- 1/3 cup butter softened
- 1/4 cup granulated sugar
- 1 cup medium grind corn meal
- 2/3 cup all-purpose flour
- 2 teaspoons baking powder
- 1/2 teaspoon salt
- 2 large eggs room temperature
- 2/3 cup whole milk
- 2 tablespoons butter for greasing skillet
- 1/2 cup unsalted butter
- 2 cups yellow onion (1 large) diced
- 2 cups celery (about 8 small stalks) diced
- 4 tablespoons fresh minced herbs sage, rosemary, thyme
- 3 cups chicken stock or turkey stock if you have it
- 1 teaspoon kosher salt
- 1 large egg beaten
- 1/4 cup parsley minced
- 2 tablespoons unsalted butter
To make the cornbread:
- Preheat oven to 400 degrees F with a 12 inch cast iron skillet in the oven.

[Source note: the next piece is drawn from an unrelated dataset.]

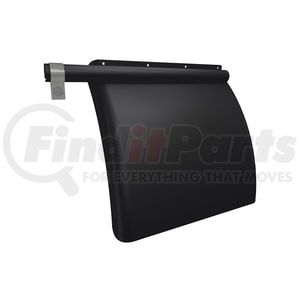 Fleet Engineers 033-05176 Truck Quarter Fender Truck Quarter Fender - Left, Black Poly, Low Mount, No Top Flap, 22-24 in.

- Using a stand mixer, cream butter and sugar together on medium high speed until light and fluffy, about 2-3 minutes. Scrape sides.
- In a medium sized bowl, combine cornmeal, flour, baking powder, and salt. In a separate bowl, combine eggs and milk. Alternate adding small amounts of the dry ingredients and the wet ingredients to the butter mixture, each time mixing just until combined.
- Pull hot cast iron skillet out of the oven and melt remaining 2 tablespoons butter in the skillet, spreading around the bottom and up the sides. Pour batter into skillet and cook for 20 minutes in 400 degree F oven.
- Remove from oven and allow to cool slightly before removing from skillet to fully cool.
- Cut cornbread into 1 inch cubes.
- Melt 1/2 cup butter in a large skillet over medium high heat. Add onion, celery, and minced herbs (not the parsley). Stir to coat in the melted butter and then saute until they start to turn golden brown, about 15 minutes.
- Add stock and salt to skillet and bring to a simmer. Remove from heat and set aside. Allow to cool enough that mixture is cool to the touch. You must allow this mixture to cool because you'll be mixing it with egg and do not want it to scramble.
- Meanwhile, beat egg with 1/4 cup chopped parsley in a large bowl; add cubed cornbread and gently toss to coat. Pour the cooled vegetable and broth mixture over the bread and toss. Transfer to a buttered baking dish and dot with remaining two tablespoons of butter.
- Cover and bake 30 minutes at 375 degrees F; uncover and bake until golden, 30 more minutes.
If you like crispy dressing, there are a few things you can do:
- You can heat some olive oil in a saute pan and sear the cubes of cornbread prior to mixing with remaining stuffing ingredients.
- You can bake the dressing in a larger baking dish so that there is more surface area to make it crispy. The deeper and smaller the dish, the mushier the dressing will be.